The Edo Period brought further stability and the Iida Domain, valued at 50,000 koku, was given to Ogasawara Hidemasa, who would later become the ruler of Matsumotojō. From 1613 to 1617 Iidajō was the administrative center of a tenryō, a territory administered directly by bannermen of the Shogunate. The Wakizaka Clan ruled the domain until 1672, and after that the castle's final feudal overlords, the Hori Clan, ruled Iidajō. Under the Hori, Iida-han was valued at just 20,000 koku and the domain's finances were poor. Riots broke out in 1762 and 1809, but the Hori clung onto their territory until the abolition of feudalism in the Meiji Period, due in part to Hori Chikashige being a big player within the Shogunate government (inc. as a rōjū). Iida-han was expanded to 27,000 koku worth of land thanks to him and his support of Mizuno Tadakuni who implemented the Tenpō Reforms in 1842, but decreased to 17,000 koku following their failure and the exile of Mizuno in 1845. In the Bakumatsu Period the Hori failed to prevent anti-Shogunate forces from traversing their territory during the Mito Rebellion and were penalised with the further reduction of their territory to 15,000 koku. The Hori supported the victorious Imperialists during the Boshin War.

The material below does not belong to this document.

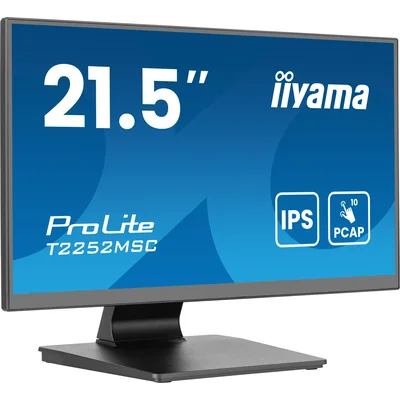 Touchscreen-Monitor iiyama ProLite T2252MSC-B2AG 22'' FULL HD LED IPS AntiGlare /HDMI, DP/ Lautsprecher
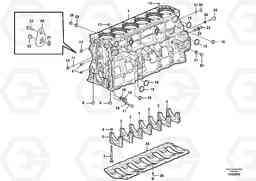 102837 Cylinder block L350F, Volvo Construction Equipment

I had anticipated visiting Iidajō for half a year. The site has an original gate on site, the "Red Gate", as well as a relocated yaguramon (turret-gatehouse). Other ruins include baileys and a large karabori (dry moat), which cuts wide and deep into the citadel mount. Located away from the castle is a sweet shop called "Iida Castle" built to resemble a castle tower. This cheaply constructed spectacle does not represent any structure from the castle as Iidajō did not possess a tenshu (donjon), and in fact by way of towers possessed only a handful of small turrets.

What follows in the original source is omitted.